What Produces Dust Polarization in the HH 212 Protostellar Disk at 878 {\mu}m: Dust Self-Scattering or Dichroic Extinction?

TL;DR

This study presents high-resolution ALMA observations of dust polarization in the HH 212 protostellar disk, exploring whether dust self-scattering or dichroic extinction primarily causes the observed polarization patterns.

Contribution

It provides detailed polarization maps at 878 μm and discusses the potential roles of dust self-scattering and dichroic extinction in producing the polarization, indicating both mechanisms may be involved.

Findings

Polarization orientations are mainly parallel to the disk's minor axis.

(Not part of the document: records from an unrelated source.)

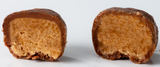 Brownie Bites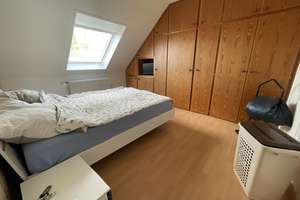 Einfamilienhaus plus 2-Familienhaus in Wesel Büderich. Nur im Paketverkauf! – Die vollständige Adresse der Immobilie erhältst du vom Anbieter., 46487 Wesel – Vorschaubild 23
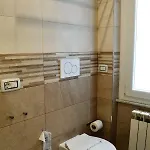 Gold House 3* Специя
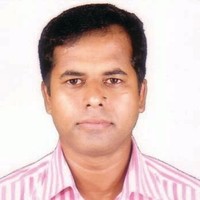 Ashraful Hoque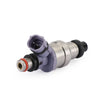 Lexus LS400 1990-1992 4.0L V8 1PC Fuel Injector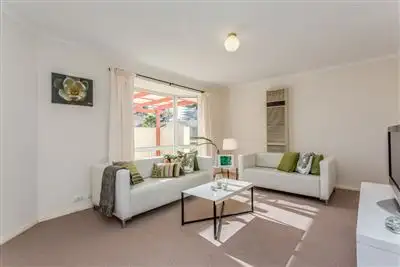 Sixth view of Homely house listing, 9 Canada Court, North Haven SA 5018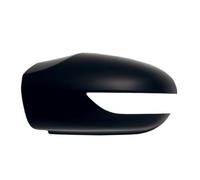 ALKAR AUTOMOTIVE S.A. Carcasa, retrovisor exterior para MERCEDES-BENZ: Classe A, Classe B (Ref: 6311557)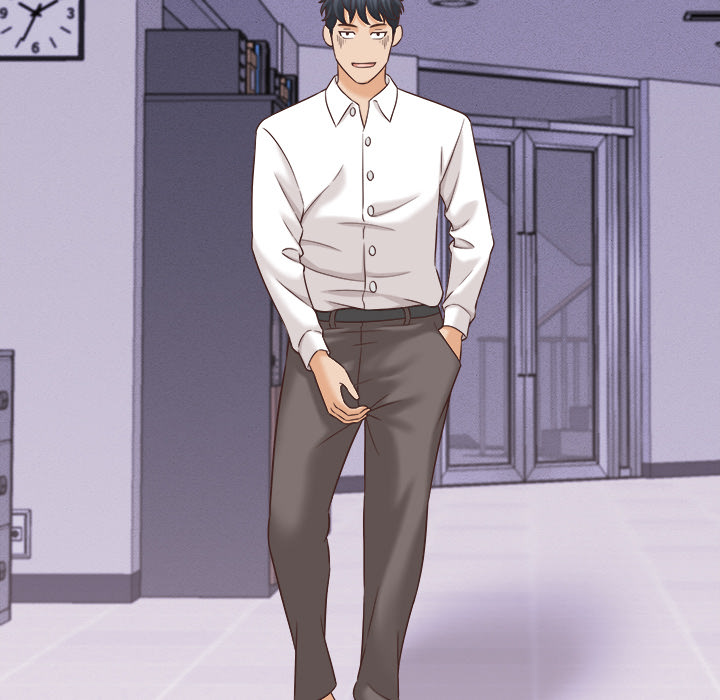 Right Under His Roof - episode 13 - 81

Polarized intensity peaks near the central source and decreases outward.

Both dust self-scattering and dichroic extinction likely contribute to the observed polarization.

Abstract

We report new dust polarization results of a nearly edge-on disk in the HH 212 protostellar system, obtained with ALMA at ~ 0.035" (14 au) resolution in continuum at lambda ~ 878 um. Dust polarization is detected within ~ 44 au of the central source, where a rotationally supported disk has formed. The polarized emission forms V-shaped structures opening to the east and probably west arising from the disk surfaces and arm structures further away in the east and west that could be due to potential spiral arms excited in the outer disk. The polarization orientations are mainly parallel to the minor axis of the disk, with some in the western part tilting slightly away from the minor axis to form a concave shape with respect to the center. This tilt of polarization orientations is expected from dust self-scattering, e.g., by 50-75 um grains in a young disk. The polarized intensity and polarization degree both peak near the central source with a small dip at the central source and decrease towards the edges. These decreases of polarized intensity and polarization degree are expected from dichroic extinction by grains aligned by poloidal fields, but may also be consistent with dust self-scattering if the grain size decreases toward the edges. It is possible that both mechanisms are needed to produce the observed dust polarization, suggesting the presence of both grain growth and poloidal fields in the disk.